SEPA admits it's not easy being green - but sustainability is a worthwhile challenge

  27 October 2014
The Scottish Environment Protection Agency (SEPA) has published a new report today (30 January 2014) demonstrating that being sustainable throughout all its work has proven a challenge for the Agency.

The ‘Sustainable SEPA’ report (which can be viewed here) demonstrates the Agency’s achievements (for the period covering 2013 – 2014) in improving its environmental performance.

The Agency has achieved all of its environmental targets it set for 2013 – 2014 covering travel and transport, waste, biodiversity and procurement. These successes include:

  • Reducing greenhouse gas emissions from all transport and travel by a further 9.6% during 2013 – 2014, including a 10% reduction in emissions from business car travel and another 22% drop in emissions from flights.  These figures are the latest in a sustained reduction in emissions from transport and travel which has seen the number of business miles almost halved in five years and the number of domestic flights reduced by 85% since 2006 – 2007.
  • Recycling 72% of its waste (which is well above the Agency’s target to maintain levels of recycling and re-use above 65%).
  • Implementing a range of biodiversity projects across its estate.
  • Achieving a 10% sustainability weighting in its procurement of eligible goods and services.

Despite these successes, the report shows that keeping pace with its ambitious long term greenhouse gas emission target remains more challenging. SEPA aims to reduce its overall emissions by 42% by 2020 based on a 2006 – 2007 baseline. While the Agency’s emissions are 11.9% lower than the baseline year, its total emissions of carbon dioxide rose by 2.75% during 2013 – 2014.
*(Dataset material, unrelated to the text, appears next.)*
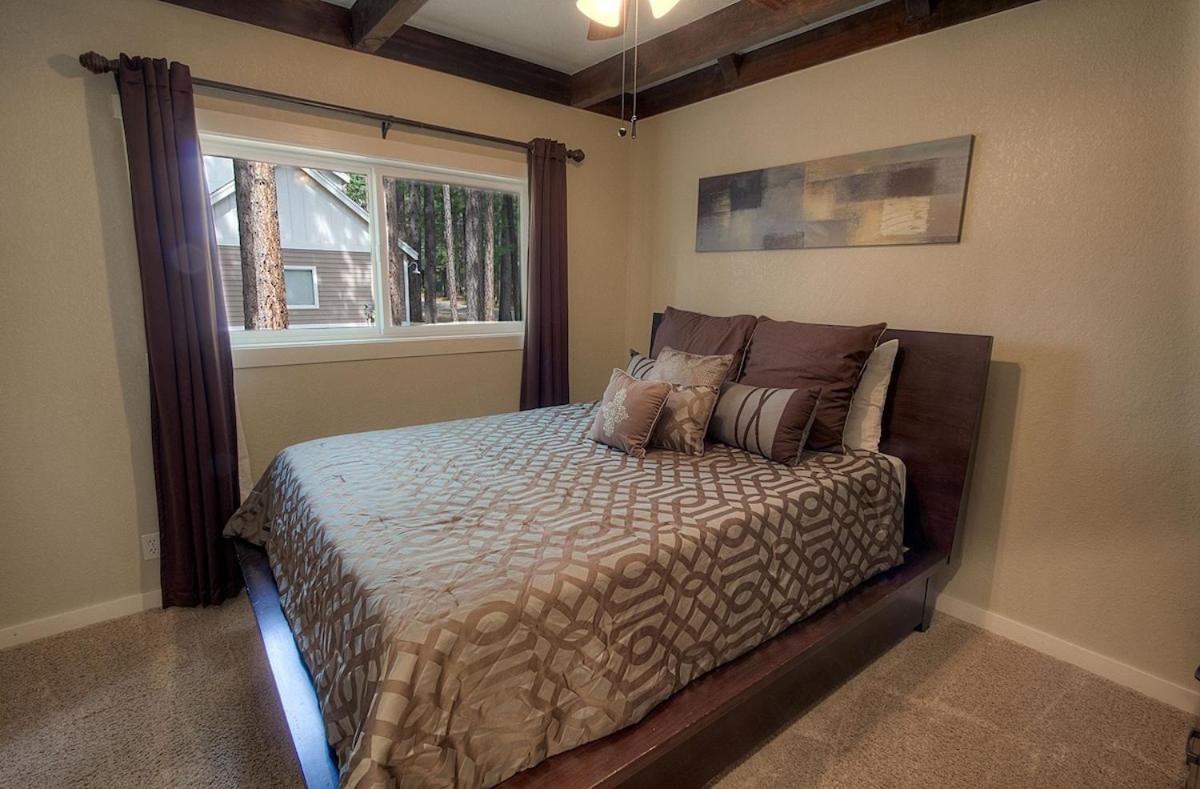 Snowshoe Chalet cabin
This rise was expected as a result of the migration in autumn 2013 of around 350 SEPA staff to the new Angus Smith Building. During the migration, the Agency occupied both this new combined laboratory and office in North Lanarkshire and its existing buildings simultaneously for a six month period. The Agency expects emissions to reduce now that the older buildings have been disposed of.

New targets set within the report for 2014 – 2015 include:

  • maintaining or further reducing transport and travel emissions at 2013 – 2014 levels;
  • reducing greenhouse gas emissions from its buildings by 5% compared to 2013 – 2014 levels;
  • maintaining levels of recycling or re-use above 65%.

James Curran, Chief Executive, of SEPA, said:

As Scotland’s environmental regulator, acting sustainably is at the heart of our business. We take our responsibilities to maintain our environmental performance and set a good example to members of the public and businesses throughout the country very seriously.

“This year our travel and transport emissions reduced by 10% compared to last year and this continues a sustained downward trend. We can also be proud that we have exceeded our target to recycle waste and have made great strides forward in biodiversity management and procurement.

“However I admit that I’m frustrated by reporting a 2.75% rise in our overall carbon emissions.  While this was an expected increase as a result of the biggest ever change in our estate, we also understand that we should be at the forefront of current thinking on reducing carbon emissions.  As a result we are in the process of modifying our buildings to be fewer, smaller, more energy-efficient and electrically heated.

“We believe that the most sustainable long term strategy is to heat our buildings by electricity, using power drawn from a Scottish grid that is substantially provided by renewable sources.  Scotland is well on the way to greening its grid, however we have to use a UK grid conversion factor for our reporting. 

“This year, therefore, we have for the first time made our own estimate of SEPA’s emissions using a carbon conversion factor for a Scottish, rather than UK, electricity grid to better reflect our real-world impacts. I’m pleased to report that our estimate of our overall emissions using this approach shows a 32% reduction against our 2006 – 2007 baseline.

“We will investigate ways to address this anomaly in the coming year, and will continue to report publicly and transparently on our progress as we work towards our objectives.”

To read further commentary from James Curran on the Sustainable SEPA report please click here.


Notes to editors

SEPA’s annual sustainability report is audited by an independent third party and incorporates a verification statement to that effect. The report also includes a summary of SEPA’s activities in respect of the duties upon it under the Climate Change (Scotland) Act 2009.